▶ _Work to complete_:
All entries below are to be written out again exactly, but no picture is to be copied.
Extracted material START
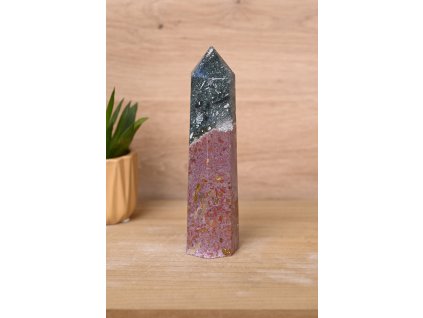 Vybroušená špice oceánový jaspis (fantazie, něha, klid, příroda) č.17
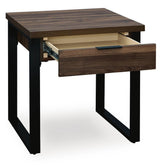Wickman Falls Dark Brown End Table - Ornate Home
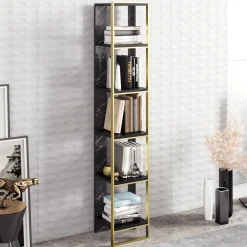 Wandkast Polka Zwart/Goud 180cm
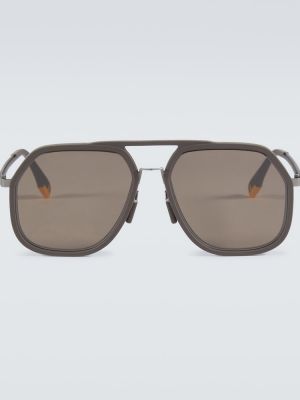 Slnečné okuliare Fendi - Hnedá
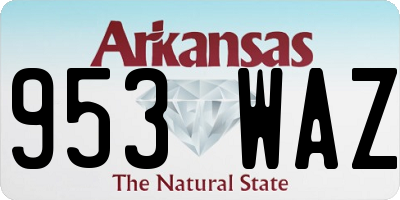 AR license plate 953WAZ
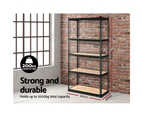 Giantz 1.8M Garage Shelving Warehouse Rack Pallet Racking Storage Shelve Black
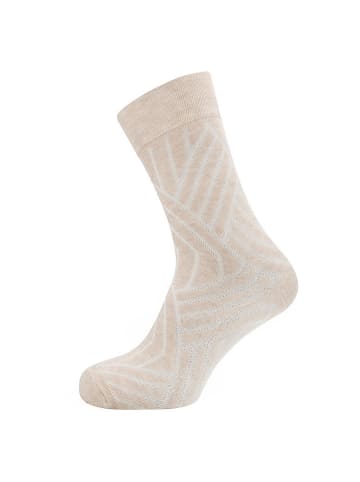 ewers 1er Pack Socken GOTS Struktur in beige meliert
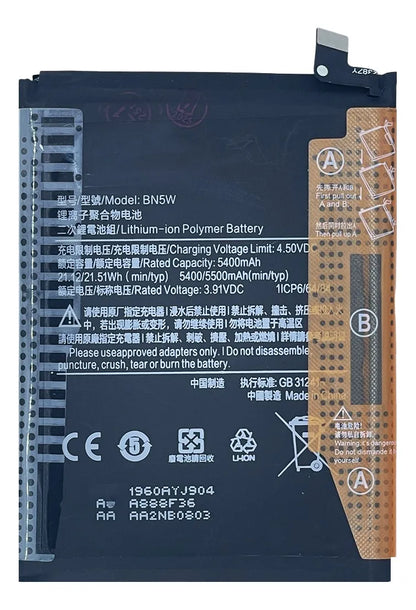 Bateria Compatible Con Redmi Note 14 Pro 5g (china) Bn5w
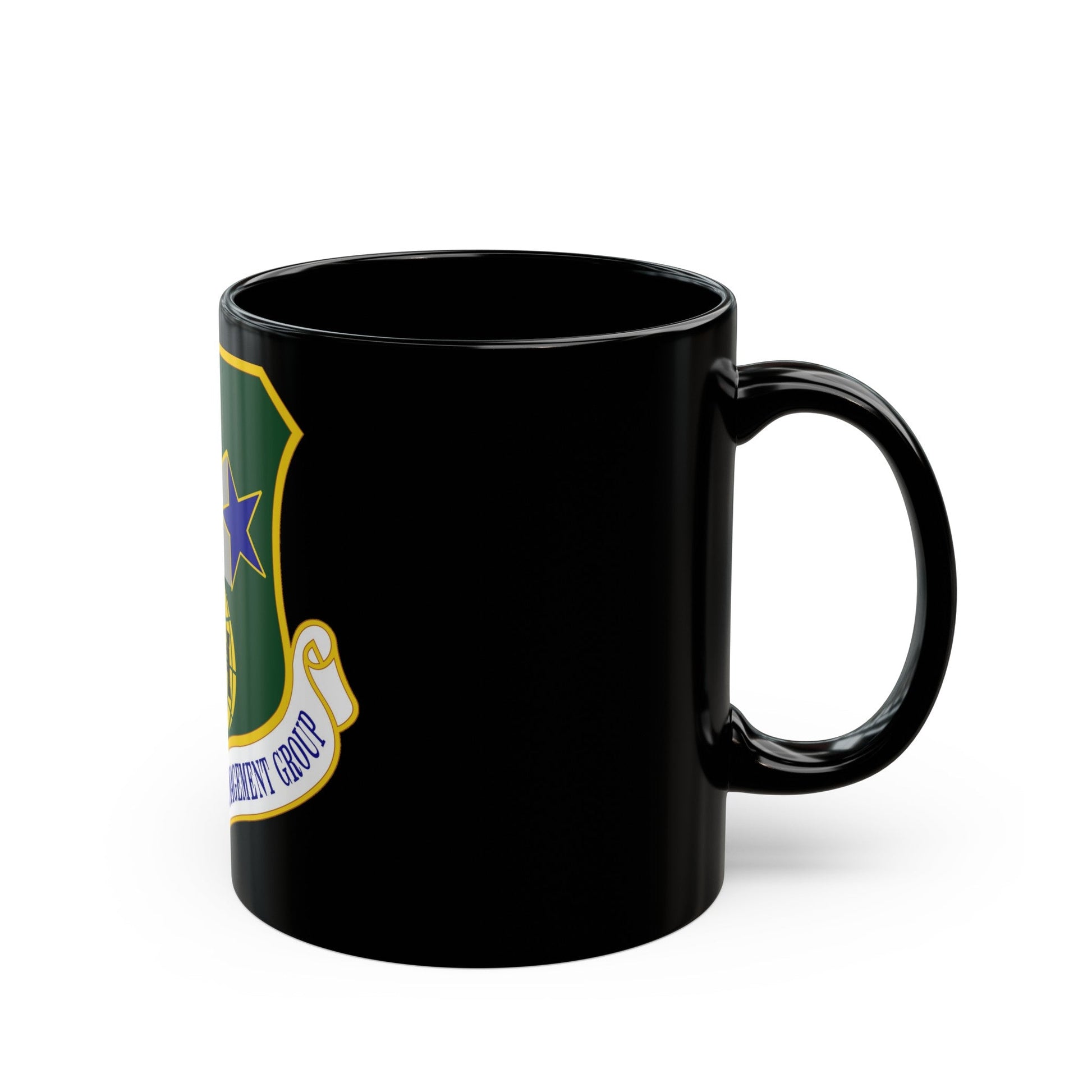 638 Supply Chain Management Group AFMC (U.S. Air Force) Black Coffee Mug-The Sticker Space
Extracted material END
▶ _Solved exercise_:
 Vybroušená špice oceánový jaspis (fantazie, něha, klid, příroda) č.17
Wickman Falls Dark Brown End Table - Ornate Home
 Wandkast Polka Zwart/Goud 180cm
 Slnečné okuliare Fendi - Hnedá
 AR license plate 953WAZ
 Giantz 1.8M Garage Shelving Warehouse Rack Pallet Racking Storage Shelve Black
 ewers 1er Pack Socken GOTS Struktur in beige meliert
 Bateria Compatible Con Redmi Note 14 Pro 5g (china) Bn5w
 638 Supply Chain Management Group AFMC (U.S. Air Force) Black Coffee Mug-The Sticker Space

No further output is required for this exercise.